Bleier expects to be ready for opening day, a mindset he carried through the winter. He can accumulate the proper amount of innings - he estimated eight as being sufficient - over the final weeks of camp.
“If everything goes smoothly, obviously, but as of now, yeah, I should be good to go,” he said.
Meanwhile, catcher Austin Wynns said he just needs a few more days before receiving clearance to play after an MRI on his sore left oblique came back clean.
Wynns felt the oblique grab while taking batting practice and is confident that he avoided a more serious injury by shutting down immediately and seeking treatment.
“I’ll be out for a few days,” he said. “That’s it. Just get back on the field as fast as possible. That’s my mentality.
“BP it just grabbed me a little bit, and just wanted to take precaution. I’ll be all right.”

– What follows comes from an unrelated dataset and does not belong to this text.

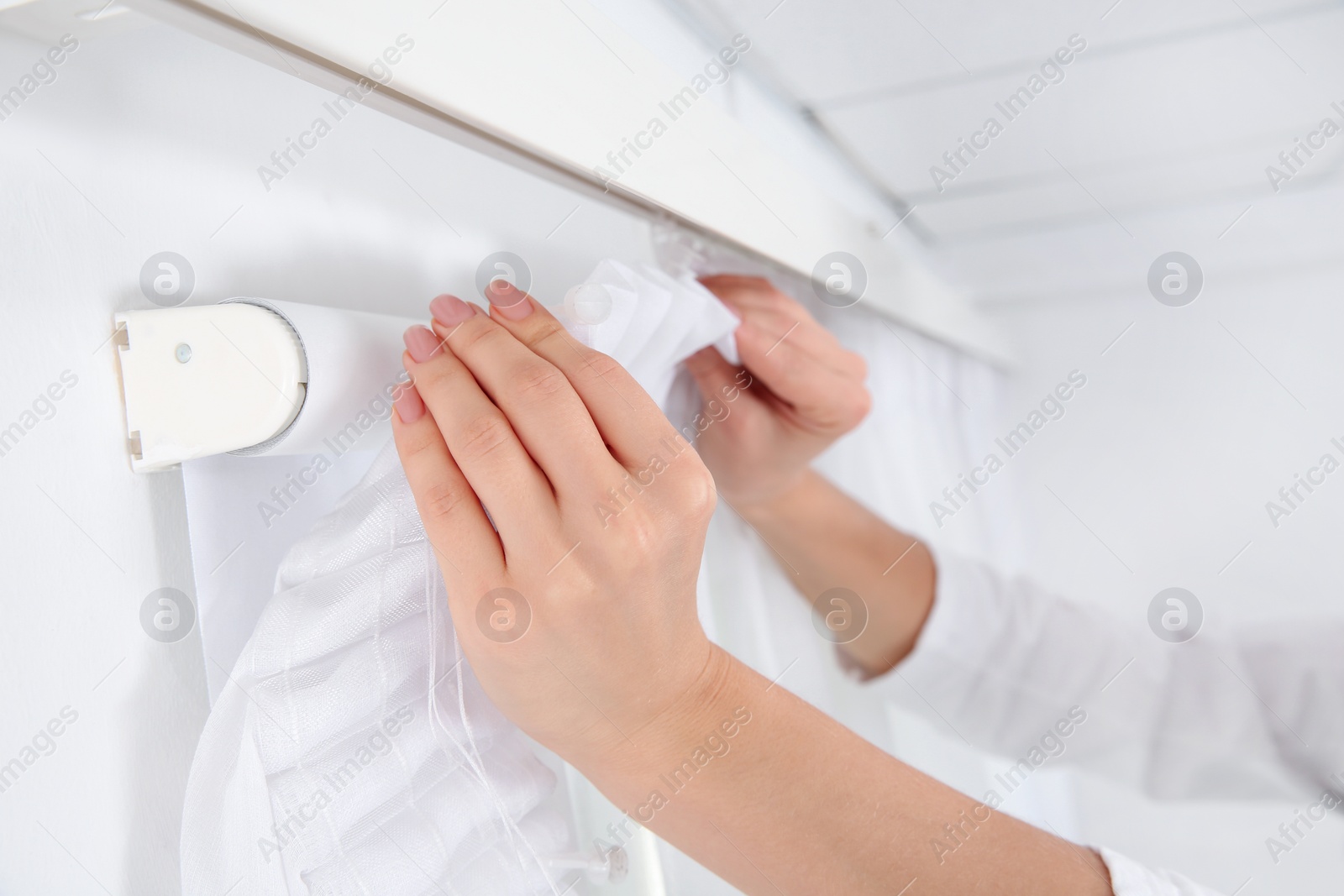 Photo of Woman hanging window curtain indoors, closeup. Interior decor element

Anything related to the oblique raises concerns because it’s an injury that can linger for months and setbacks are common if a player rushes back into workouts or games.
“You’re definitely going to take precautions,” Wynns said, “so right now just be smart and get back on the field as quick as I can.”
Wynns insisted that he isn’t worried about going on the newly named “injured list,” which has replaced “disabled list” in baseball vernacular.
“Whatever it is, I’m not going to be on that,” he said. “I won’t be on that. That’s my mentality.”
Reliever Paul Fry explained the drop in fastball velocity yesterday from his usual spring 89-90 mph that prompted a visit from pitching coach Doug Brocail after the left-hander struck out the first batter faced at Charlotte Sports Park.
Blame it on a slow radar gun.
“It was just down on the board,” he said. “I checked with our guys and they had it a lot higher than it was on the board there. I guess the board was kind of slow yesterday. I don’t know why.
“I checked to make sure. Everything felt fine.”
Fry glanced back and saw a reading of 87 mph.
“I thought, ‘Oh, what is going on here?’” he said. “But yeah, I think it was the board because I checked with our guys and they had it higher.
“No pain or anything like that.”
Fry hasn’t been scored upon in his four appearances. He stranded two runners yesterday that reached on singles, raising his hits allowed total to three.
“Pretty happy with it so far,” he said. “Working on throwing my strikes. I know my first outing I had some walks in there and somehow escaped that. Just throwing strikes, attacking the zone, controlling the zone, throwing my pitches when I want to throw them.”
Fry hasn’t gained a sense of whether he’s in manager Brandon Hyde’s bullpen plans for opening day. Whether the Orioles will carry a third left-hander along with Bleier and Tanner Scott. He can’t rate his chances of heading north after making 35 appearances last summer as a rookie.
“Right now I’ve just got to stay out of my own head,” he said. “Just stay the course and control what I can control and throw strikes.”